My measure, House Bill 1489, calling for a severance tax on gas drillers was jettisoned late in the negotiations. The proposed alternatives present many ominous scenarios for taxpayers and Pennsylvania’s natural resources.

 

What does it say when proposals gain steam to tax small games of chance offered by neighborhood VFWs, your local order of Eagles and  American Legion – fund-raisers that support everything from scholarships to help for or veterans – but not gas companies?

 

Tax admissions to your local theater group but not gas companies?

 

Hold your nose, it gets worse.

 

 

The deal reportedly would cut the state Department of Environmental Protection budget by $56 million and eliminate the Oil and Gas Lease Fund, shunting $143 million this year and $125 million next year away from protection and management of state forests and parks to the General Fund.

 

Meanwhile, reports of dangerous chemical spills at Marcellus Shale drilling sites are coming in at an alarming rate.
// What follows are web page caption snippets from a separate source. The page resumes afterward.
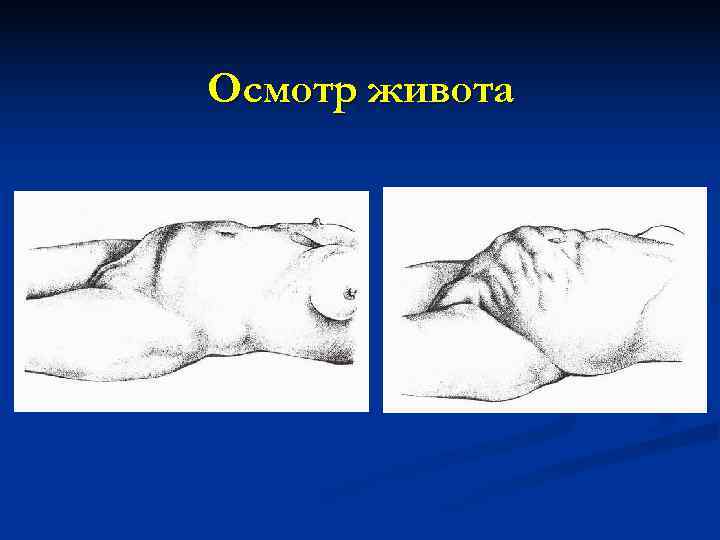 Осмотр живота 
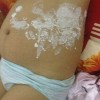 带状疱疹的治疗原则和诊断要点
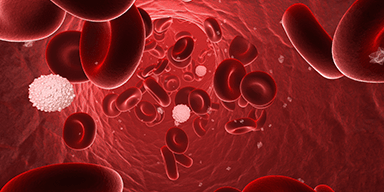 Hematopoietic Malignancies: Putting It All Together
A 38-mile portion of Dunkard Creek along the Pennsylvania-West Virginia border has been rendered virtually lifeless. Now is not the time to retreat on environmental safeguards.

 

I worry that the proposed deal would offer but a one-year reprieve for education, safety-net programs and job-creation efforts while unfairly favoring special interests and unfairly singling out certain classes of taxpayers, including smokers.

 

The budget-funding mechanisms are suspect – morally and fiscally – and so, too, are their weak premises that they will enable Pennsylvania to build responsible budgets in 2010 and 2011.

 

Next year’s fiscal outlook is even bleaker.

 

In the 1970s TV series "All In The Family," a family member confronted Archie Bunker with the number of firearm deaths in America.

 

"Would it make you feel any better if they was pushed out of windows?" Archie retorted.

 

The drumbeat to approve a budget at any cost is growing. However, it feels like we’re being pushed out the window with a gun at our backs.